Quantification of immunohistochemistry with computer-assisted analysis systems is becoming a useful tool in pathology for research and clinical practice. 1–5 However, the archiving of digital images (DIs) continues to be one of the biggest problems. 6 Very large DI databases require a huge digital storage space and, as a result, some forms of data compression have become necessary. Image-compression techniques can greatly reduce the volume of storage or transmission time required per image 7 and has been investigated in several fields of medicine. 8–11

Tagged Image File Format (TIFF) and Joint Photographic Experts Group (JPEG) are two of the most frequently used image formats in medicine. 7,12–14 Tagged Image File Format (TIFF) is an example of a lossless format, which has the advantage that no data are lost, but with the disadvantage that files sizes are quite large. Joint Photographic Experts Group (JPEG) is an example of lossy format, which has the advantage that it can reduce file sizes but with the disadvantage that some detail may be lost in the compression. Acquired images in TIFF format could be transformed in a JPEG format with different degree of compression. At low and moderate compression levels, it is very difficult for the human eye to discern any difference from the original, even at extreme magnification. However, JPEG inevitably introduces digital artefacts and variations in several image variables, and may modify the grey values of each pixel for every one of the three channels of RGB 24-bit true color images. 12

Case Description

In the field of anatomical and surgical pathology, computerized image analysis software is used to detect and quantify the number of positively stained markers and combine different tools that evaluate standard morphometric and densitometric features (area, diameter, roundness, light intensity) of these markers.
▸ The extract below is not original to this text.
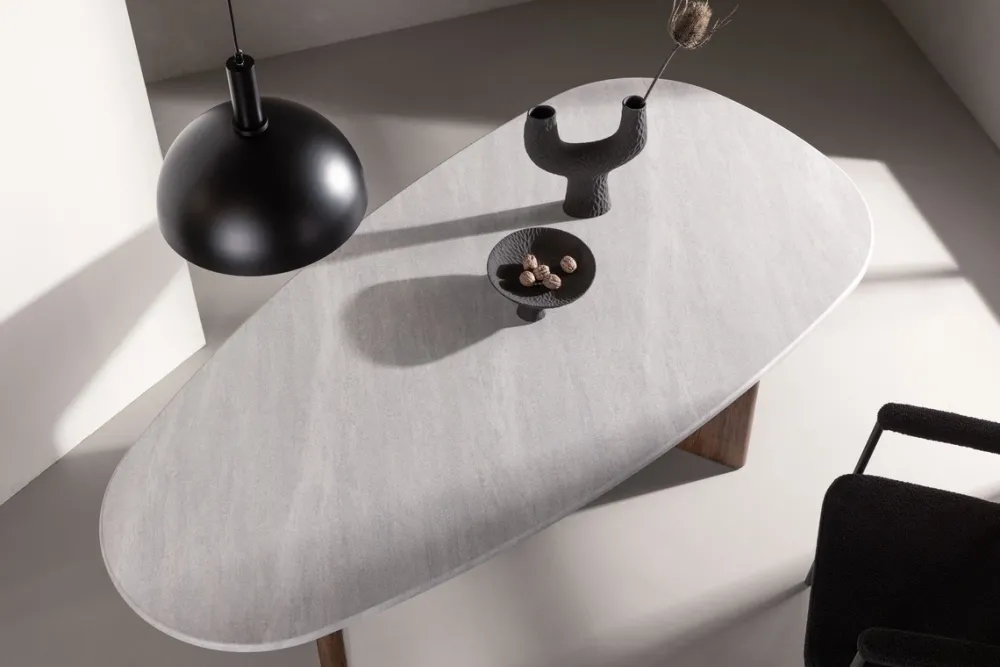 Reforma Matbord 'Grums' 180x90cm - Brun/Marmor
Previous results obtained with automated or semi-automated segmentation of immunohistochemically stained DIs have used available commercial programs such as Photoshop®, 15 Image-Pro® Plus, 14,16,17 Visilog® 18 and ACIS®. 1 Although JPEG transformation produces changes in Feulgen-stained samples, especially for the standard densitometric features, 12 the effects of compression in the computer-assisted analysis of immunohistochemical digital images have not yet been thoroughly evaluated.
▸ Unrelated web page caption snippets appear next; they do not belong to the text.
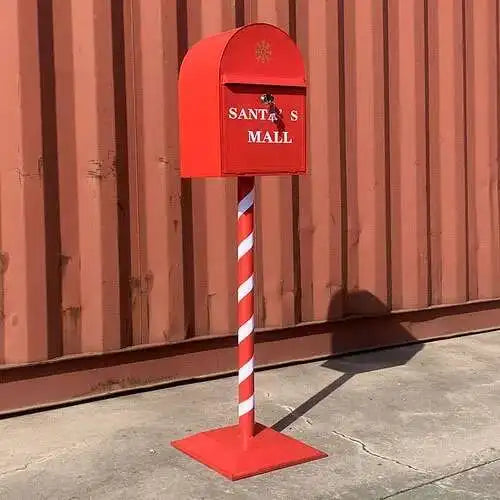Load image into Gallery viewer, Household Industrial Style Photography Prop Mailbox Retro Christmas Mailboxes Tin Letter Box Vertical Suggestion Box Letter Box
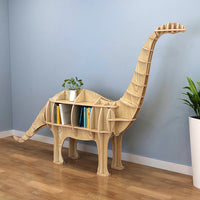 Kids Creative Dinosaur Bookshelf Locker Wooden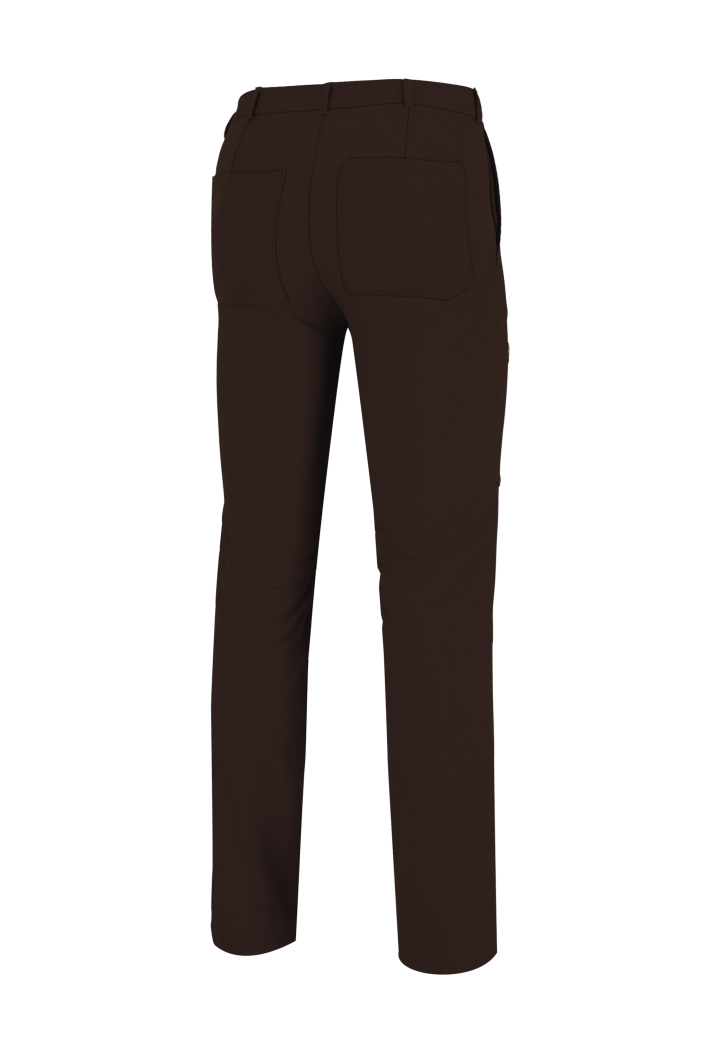 Spodnie męskie - medyczne - Classic - czekoladowe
In looking for a more efficient way to store immunohistochemical DIs, this study attempted to determine the influence of different JPEG image compression rates on the immunohistochemical digital quantification compared with the original TIFF images. We determined the rates of JPEG compression levels that did not compromise the accuracy of the automatic nucleus count of immunohistochemical markers for diagnostic or research purposes.

Methods

Selection of Histopathological Material and Immunohistochemistry

Slides stained with DAB(3,3'Diaminobenzidine) from routinely formalin-fixed and paraffin-embedded histopathological tissues were selected from the archives of the Department of Pathology of the Hospital de Tortosa Verge de la Cinta. Representative slides immunostained with monoclonal antibodies directed against the nuclear protein Ki67 (clone MIB-1, Dako, Carpinteria, CA, USA) and FOXP3 (clone FOXP3-236A/E7, CNIO, Spain) were selected. All slides were prepared, processed and immunohistochemically stained in our laboratory using previously described standard protocols. 3

Digitalization Procedures

Samples were vizualized with a standard Leica DM LB2 light microscope (Leica Microsystems Wetzlar, Germany) with ×40 magnification. We acquired DIs of representative fields with a Leica DFC320 digital camera (3.3 Mpixels) connected to a Compaq Professional Workstation computer (2 GHz Pentium IV CPU, 750 mB RAM). Photographs were saved as TIFF files, with a resolution of 2088 × 1550 pixels in RGB 24-bit true color format, with the LEICA IM50 v4.0 program. To avoid differences in the illumination that might produce significant differences in the quantification of the image, the same range of values of illumination was used to ensure maximum reproducibility.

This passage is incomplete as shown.